Alasan-Alasan Kita: Berbagai Pandangan Salah

Ketika badai datang, Yunus menyalahkan dirinya sendiri (Yun. 1: 1-12). Sikapnya benar-benar menyatakan sesuatu mengenai cara pandang dan pengertian tentang Allah atau “allah-allah” yang dimiliki orang-orang pada waktu itu. Mereka percaya, bermacam-macam allah memerintah di berbagai tempat di daratan, sementara di lautan dianggap sebagai alam yang kacau dari setan-setan. Menurut cara pandang para pelaut ini, korban dibutuhkan untuk meredakan amarah para setan ini. Walaupun Yunus adalah seorang Ibrani, dia bisa saja memiliki sebuah cara pandang yang dipengaruhi oleh kepercayaan tradisional pada waktu itu.

Bacalah Yunus 2: 1-3, 7-10. Apakah yang ayat-ayat ini sampaikan sehubungan dengan bagaimana Yunus mulai mengerti tentang pemeliharaan Allah?

Walaupun Yunus sedang berlari dari wilayah di mana orang-orang mengakui bahwa Yahwe adalah Allah mereka, dia belajar (dengan cara berat) bahwa walaupun dia sedang melakukan perjalanan ke tempat yang memiliki budaya asing, Yahwe masih tetap berdaulat. Angin dan ombak adalah milik Tuhan. Ikan-ikan juga, “Tuhanlah yang empunya bumi serta segala isinya, dan dunia serta yang diam di dalamnya” (Mzm 24: 1). Hati Yunus dibalikkan kepada Penguasa bumi dan laut, dan itulah sebabnya dia membuat pengakuan dan diselamatkan.

Kita juga bisa salah mengerti tentang Allah dan apa yang Dia harapkan dari kita. Salah satu kesalahpahaman yang umum adalah bahwa Allah rindu kita berfokus pada keselamatan kita sendiri dan melepaskan diri dari kefasikan dunia yang ada di sekitar kita. Walaupun kepada kita diinstruksikan untuk menjaga diri kita agar “tidak dicemarkan oleh dunia” (Yak. 1: 27), fokus kita seharusnya ada pada bagaimana kita bisa membawa berkat-berkat dan pengharapan dari Allah kepada mereka yang membutuhkan.

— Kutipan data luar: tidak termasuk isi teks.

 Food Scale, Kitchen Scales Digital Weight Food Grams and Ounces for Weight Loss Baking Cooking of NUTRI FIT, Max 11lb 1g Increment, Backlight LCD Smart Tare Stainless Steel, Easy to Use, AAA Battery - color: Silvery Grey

Kesalahpahaman lainnya yang membuat kita berhenti untuk menerima panggilan Allah ke dalam misi adalah memercayai bahwa kesuksesan tergantung pada diri kita sendiri. Kita tidak bisa menyelamatkan satu jiwa sama seperti Yunus tidak menyelamatkan Niniwe. Kita bisa saja memiliki sebuah mentalitas “penyelamat” sehubungan dengan misi. Panggilan kita bukanlah melakukan penyelamatan tetapi untuk bekerja sama dengan Allah dalam pekerjaan penyelamatan-Nya. Kita bisa memberikan kesaksian yang memuliakan Allah karena Dia telah mengubah kita dengan cara yang spesial, tetapi hanya Allah yang dapat menarik orang-orang kepada diri-Nya. Kita bisa menanam benih-benih kebenaran, tetapi hanya Allah yang dapat mengubahkan hati. Kita kadang menjadi bingung dengan peranan Allah dan peranan kita, sehingga dengan ini kita bisa mencari alasan untuk tidak bersaksi. Ya, Allah menggunakan Yunus, tetapi hanya Allah, dan bukan Yunus, yang membuat Niniwe bertobat.

Memenangkan jiwa-jiwa itu berat, terlalu berat bagi manusia untuk melakukannya sendiri. Sebaliknya, bagaimanakah kita dapat belajar untuk membiarkan Allah memenangkan jiwa-jiwa, melalui kita, kehidupan kita, dan kesaksian kita?